図表1:NYダウ平均の停滞はガス抜きか調整か

出所:Bloombergより楽天証券経済研究所作成(2020年9月初~2021年9月15日)

バイデン大統領の支持率低下と株式の季節性を警戒

 米国市場では「バイデン相場(ハネムーンラリー)」がいったん一巡したとの見方も出ています。米国の世論調査によると、アフガニスタンからの米国軍撤退方法について、カブール空港近くでの爆弾テロで13名の米兵が命を失ったこともあり、バイデン大統領の支持率が本年1月の就任以来で最低となりました(図表2)。

 米国民はその7割以上がアフガニスタンからの撤退を支持していましたが、バイデン政権による撤退の進め方や政治手腕に批判が高まりました。

 政権発足から7カ月余りで支持率が50%を下回ったのは第2次世界大戦後の歴代大統領の中ではトランプ前大統領を含めて3人目だとのことです。大統領の支持率低下で、来年の中間選挙を控えた野党共和党には反転攻勢しやすくなります。景気対策や公的債務上限問題などを巡る議会での交渉に影響を与える可能性もあり、株式市場にとり不安要因となりかねません。

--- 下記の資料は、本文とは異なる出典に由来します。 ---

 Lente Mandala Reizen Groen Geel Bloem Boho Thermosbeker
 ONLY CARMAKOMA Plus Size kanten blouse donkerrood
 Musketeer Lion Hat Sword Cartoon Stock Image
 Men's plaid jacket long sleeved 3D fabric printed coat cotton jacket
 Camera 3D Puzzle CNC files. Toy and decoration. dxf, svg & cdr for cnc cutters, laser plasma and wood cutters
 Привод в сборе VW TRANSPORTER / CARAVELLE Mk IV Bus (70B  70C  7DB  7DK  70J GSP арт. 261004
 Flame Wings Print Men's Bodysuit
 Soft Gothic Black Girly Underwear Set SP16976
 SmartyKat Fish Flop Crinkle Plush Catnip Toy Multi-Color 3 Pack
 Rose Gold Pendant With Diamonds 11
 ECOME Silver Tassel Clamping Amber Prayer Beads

 本年のダウ平均は、8月16日の年初来高値(3万5,625ドル)まで年初来で16.2%上昇していました。過去30年における年率平均(+9.5%)をすでに超える状況でしたので、幾分か過熱感もありました。ガス抜きが必要な時期かもしれません。

図表2:バイデン大統領の支持率低下は米国株に影響するか

出所:Bloombergより楽天証券経済研究所作成(2021年初-2021年9月15日)

アノマリーでは、秋の株安は押し目買いが正解だった

 また、季節性を焦点にしたアノマリー(市場実績にもとづく傾向)を振り返ると、9月から10月の米国株は停滞しやすい時期です。

 図表3は、過去30年(1991~2020年)におけるNYダウ平均の年初来推移を平均化したチャート。この季節性によると、ダウ平均はサマーラリー(株高)を経て、9月から10月にかけて調整しやすかったことがわかります。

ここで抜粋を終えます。